Among his works are the statue The Flagellation of Christ; St. Francis of Assisi Church, regarded as Brazil's greatest work of Baroque architecture; and his statues of the Prophets which include Ezekiel, Joel, Nahum. 

St. Francis of Assisi Church
During the last 37 years of Aleijadinho's life of 80 years, leprosy, which then had no cure, increasingly consumed his body. The face of Aleijadinho, who had created such beautiful expressions, became horribly disfigured; his swollen eyelids obstructed his vision; his fingers became paralyzed and most of them fell off. Yet, instead of using his agony to give up on art, biographer Fernando George writes that his sculpture, “without doubt became freer and more daring.” 

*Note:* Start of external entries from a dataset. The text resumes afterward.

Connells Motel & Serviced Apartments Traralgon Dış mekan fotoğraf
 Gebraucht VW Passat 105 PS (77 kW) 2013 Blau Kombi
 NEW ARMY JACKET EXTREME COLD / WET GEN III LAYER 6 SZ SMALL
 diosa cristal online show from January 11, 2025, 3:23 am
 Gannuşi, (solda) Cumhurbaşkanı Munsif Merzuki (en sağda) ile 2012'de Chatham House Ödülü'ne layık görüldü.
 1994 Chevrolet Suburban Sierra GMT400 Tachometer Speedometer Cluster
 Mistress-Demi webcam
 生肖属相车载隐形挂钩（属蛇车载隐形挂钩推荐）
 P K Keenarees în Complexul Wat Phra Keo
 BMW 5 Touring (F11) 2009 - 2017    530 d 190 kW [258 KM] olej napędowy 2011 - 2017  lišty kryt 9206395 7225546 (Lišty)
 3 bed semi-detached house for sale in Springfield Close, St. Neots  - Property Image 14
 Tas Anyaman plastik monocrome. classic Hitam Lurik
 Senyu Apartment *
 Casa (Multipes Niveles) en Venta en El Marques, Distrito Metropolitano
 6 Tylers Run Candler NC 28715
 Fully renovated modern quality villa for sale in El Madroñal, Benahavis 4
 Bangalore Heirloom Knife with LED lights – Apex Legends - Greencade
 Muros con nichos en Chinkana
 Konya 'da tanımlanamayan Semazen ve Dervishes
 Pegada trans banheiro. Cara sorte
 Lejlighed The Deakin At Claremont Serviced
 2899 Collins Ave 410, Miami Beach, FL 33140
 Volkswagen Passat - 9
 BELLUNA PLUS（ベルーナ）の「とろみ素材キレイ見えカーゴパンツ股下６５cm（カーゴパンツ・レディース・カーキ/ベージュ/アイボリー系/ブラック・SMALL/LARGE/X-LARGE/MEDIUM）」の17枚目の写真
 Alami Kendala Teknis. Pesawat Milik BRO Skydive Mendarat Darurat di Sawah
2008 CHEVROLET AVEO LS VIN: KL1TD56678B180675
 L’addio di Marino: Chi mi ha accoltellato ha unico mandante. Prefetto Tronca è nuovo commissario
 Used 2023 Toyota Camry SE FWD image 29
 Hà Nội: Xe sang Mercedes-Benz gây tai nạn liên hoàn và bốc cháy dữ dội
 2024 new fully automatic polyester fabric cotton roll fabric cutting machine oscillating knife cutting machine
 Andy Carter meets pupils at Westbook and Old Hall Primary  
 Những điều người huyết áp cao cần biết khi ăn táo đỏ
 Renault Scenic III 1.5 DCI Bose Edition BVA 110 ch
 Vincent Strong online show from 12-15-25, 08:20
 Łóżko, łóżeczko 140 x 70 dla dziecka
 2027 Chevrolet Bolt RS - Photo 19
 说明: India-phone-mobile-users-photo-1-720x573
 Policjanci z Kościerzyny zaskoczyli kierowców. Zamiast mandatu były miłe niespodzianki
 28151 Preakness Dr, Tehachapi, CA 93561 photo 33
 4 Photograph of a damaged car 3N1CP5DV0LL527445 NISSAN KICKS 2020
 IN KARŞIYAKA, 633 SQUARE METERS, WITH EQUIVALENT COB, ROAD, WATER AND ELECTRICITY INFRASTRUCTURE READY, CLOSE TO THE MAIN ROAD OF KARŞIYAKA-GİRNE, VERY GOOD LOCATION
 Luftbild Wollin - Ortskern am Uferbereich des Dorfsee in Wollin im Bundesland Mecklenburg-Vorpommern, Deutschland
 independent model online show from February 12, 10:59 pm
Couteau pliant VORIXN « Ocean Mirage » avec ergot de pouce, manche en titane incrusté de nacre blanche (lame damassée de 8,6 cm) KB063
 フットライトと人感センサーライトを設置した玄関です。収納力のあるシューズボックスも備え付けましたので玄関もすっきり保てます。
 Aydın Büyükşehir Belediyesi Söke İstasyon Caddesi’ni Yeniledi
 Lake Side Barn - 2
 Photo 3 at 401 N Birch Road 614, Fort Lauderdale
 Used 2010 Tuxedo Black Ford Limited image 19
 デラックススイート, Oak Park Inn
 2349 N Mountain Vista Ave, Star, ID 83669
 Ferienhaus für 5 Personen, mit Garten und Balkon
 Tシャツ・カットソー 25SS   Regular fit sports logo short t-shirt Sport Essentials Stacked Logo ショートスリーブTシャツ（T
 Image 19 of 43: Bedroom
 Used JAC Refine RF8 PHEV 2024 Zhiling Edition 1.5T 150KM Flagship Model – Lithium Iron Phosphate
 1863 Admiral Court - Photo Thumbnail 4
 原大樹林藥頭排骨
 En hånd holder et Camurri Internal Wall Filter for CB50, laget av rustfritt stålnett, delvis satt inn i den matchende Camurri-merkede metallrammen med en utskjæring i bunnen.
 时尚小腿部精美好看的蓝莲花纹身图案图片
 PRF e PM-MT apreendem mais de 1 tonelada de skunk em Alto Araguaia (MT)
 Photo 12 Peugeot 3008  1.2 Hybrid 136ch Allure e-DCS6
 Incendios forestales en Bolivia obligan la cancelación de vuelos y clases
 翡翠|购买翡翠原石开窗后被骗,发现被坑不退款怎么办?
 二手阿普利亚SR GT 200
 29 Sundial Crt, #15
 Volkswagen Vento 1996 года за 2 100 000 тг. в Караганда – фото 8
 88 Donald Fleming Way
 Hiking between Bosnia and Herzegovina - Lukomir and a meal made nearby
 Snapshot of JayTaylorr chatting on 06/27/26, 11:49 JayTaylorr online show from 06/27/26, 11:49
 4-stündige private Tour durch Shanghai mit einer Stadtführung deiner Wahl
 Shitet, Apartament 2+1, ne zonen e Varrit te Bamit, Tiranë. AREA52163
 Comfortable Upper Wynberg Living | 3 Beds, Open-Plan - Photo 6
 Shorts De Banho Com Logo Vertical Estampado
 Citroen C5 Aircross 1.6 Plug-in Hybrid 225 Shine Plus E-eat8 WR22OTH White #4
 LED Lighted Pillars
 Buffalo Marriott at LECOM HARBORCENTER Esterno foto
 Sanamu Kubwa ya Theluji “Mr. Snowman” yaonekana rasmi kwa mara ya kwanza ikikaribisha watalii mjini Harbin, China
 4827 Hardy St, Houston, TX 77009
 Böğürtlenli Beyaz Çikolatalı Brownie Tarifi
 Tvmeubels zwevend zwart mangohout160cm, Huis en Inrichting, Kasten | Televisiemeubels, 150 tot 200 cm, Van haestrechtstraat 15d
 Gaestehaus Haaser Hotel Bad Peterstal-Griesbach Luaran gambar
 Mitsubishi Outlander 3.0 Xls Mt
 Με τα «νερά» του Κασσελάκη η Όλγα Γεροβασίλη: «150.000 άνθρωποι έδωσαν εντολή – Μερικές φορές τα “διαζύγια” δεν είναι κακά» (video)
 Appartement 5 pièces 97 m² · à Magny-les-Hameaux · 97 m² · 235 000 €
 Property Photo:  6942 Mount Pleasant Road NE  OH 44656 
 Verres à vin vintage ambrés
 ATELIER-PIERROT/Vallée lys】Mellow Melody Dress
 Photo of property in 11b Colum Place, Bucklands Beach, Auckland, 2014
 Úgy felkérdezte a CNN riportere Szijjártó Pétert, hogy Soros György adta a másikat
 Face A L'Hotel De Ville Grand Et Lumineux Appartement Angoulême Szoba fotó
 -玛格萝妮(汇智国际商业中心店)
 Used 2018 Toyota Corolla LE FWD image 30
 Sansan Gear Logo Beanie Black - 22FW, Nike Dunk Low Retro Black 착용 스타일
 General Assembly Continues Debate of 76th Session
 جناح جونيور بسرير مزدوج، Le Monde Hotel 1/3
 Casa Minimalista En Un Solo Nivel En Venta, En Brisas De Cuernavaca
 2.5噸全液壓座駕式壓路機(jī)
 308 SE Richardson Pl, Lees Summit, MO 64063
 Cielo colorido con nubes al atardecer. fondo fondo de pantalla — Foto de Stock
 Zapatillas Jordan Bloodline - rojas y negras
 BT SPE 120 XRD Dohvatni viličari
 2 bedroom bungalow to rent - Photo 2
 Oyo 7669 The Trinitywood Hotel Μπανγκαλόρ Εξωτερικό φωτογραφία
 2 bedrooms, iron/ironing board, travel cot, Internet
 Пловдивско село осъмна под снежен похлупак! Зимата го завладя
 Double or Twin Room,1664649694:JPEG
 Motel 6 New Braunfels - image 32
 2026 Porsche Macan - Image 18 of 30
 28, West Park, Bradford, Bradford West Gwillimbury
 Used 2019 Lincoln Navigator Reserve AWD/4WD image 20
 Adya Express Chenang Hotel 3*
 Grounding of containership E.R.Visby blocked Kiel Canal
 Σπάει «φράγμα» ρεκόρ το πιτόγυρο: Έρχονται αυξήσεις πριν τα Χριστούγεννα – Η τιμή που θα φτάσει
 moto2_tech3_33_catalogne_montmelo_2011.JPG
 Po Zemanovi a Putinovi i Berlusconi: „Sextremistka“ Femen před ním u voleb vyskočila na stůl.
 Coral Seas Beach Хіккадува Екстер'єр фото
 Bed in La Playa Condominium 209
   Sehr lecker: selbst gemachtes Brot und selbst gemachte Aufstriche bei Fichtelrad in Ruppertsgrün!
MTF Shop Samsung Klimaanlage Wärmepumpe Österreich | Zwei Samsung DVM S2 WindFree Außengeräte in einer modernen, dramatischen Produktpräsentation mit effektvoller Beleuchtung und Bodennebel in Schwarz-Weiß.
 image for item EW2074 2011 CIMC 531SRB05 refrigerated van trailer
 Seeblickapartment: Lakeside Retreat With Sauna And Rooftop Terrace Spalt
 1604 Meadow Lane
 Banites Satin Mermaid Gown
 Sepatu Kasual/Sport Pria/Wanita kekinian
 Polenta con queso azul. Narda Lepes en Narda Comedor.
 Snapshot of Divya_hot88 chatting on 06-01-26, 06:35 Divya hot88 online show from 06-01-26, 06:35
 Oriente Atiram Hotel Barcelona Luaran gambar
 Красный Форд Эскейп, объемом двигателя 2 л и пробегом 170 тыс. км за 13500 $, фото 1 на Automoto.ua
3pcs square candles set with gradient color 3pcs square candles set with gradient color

The reason, so important for every person's life now, is explained by Eli Siegel: 

An artist wishes to be fair both to reality as it is and to reality as an individual can see it in his deepest, most graceful effort to have a world he can say he likes;...Art in general says that the painful, the discordant of the world, the seemingly senseless, can be seen with indefinite grace, control, artistic validity. 

The Flagelation of Christ
The world Aleijadinho was born to in 1730, had a terrible relation of wealth and beauty, and enormous human suffering. His father was a prominent Portuguese contractor and architect. His mother, of African origin, was his father's slave and mistress. Because his mother was a slave, Aleijadinho was born a slave, but was freed by his father at baptism. He was born during the gold rush, during the 70 years when gold was so abundant in Brazil and the country produced what the rest of the world would take three centuries to produce. 

The people who produced all this wealth were thousands of African slaves, brutalized by laws that punished slaves who tried to escape by branding them or cutting off their ears. Slavery, said Mr. Siegel: “is the epitome of the feeling, You are different from me, therefore you are less; I do not have to see you as real.”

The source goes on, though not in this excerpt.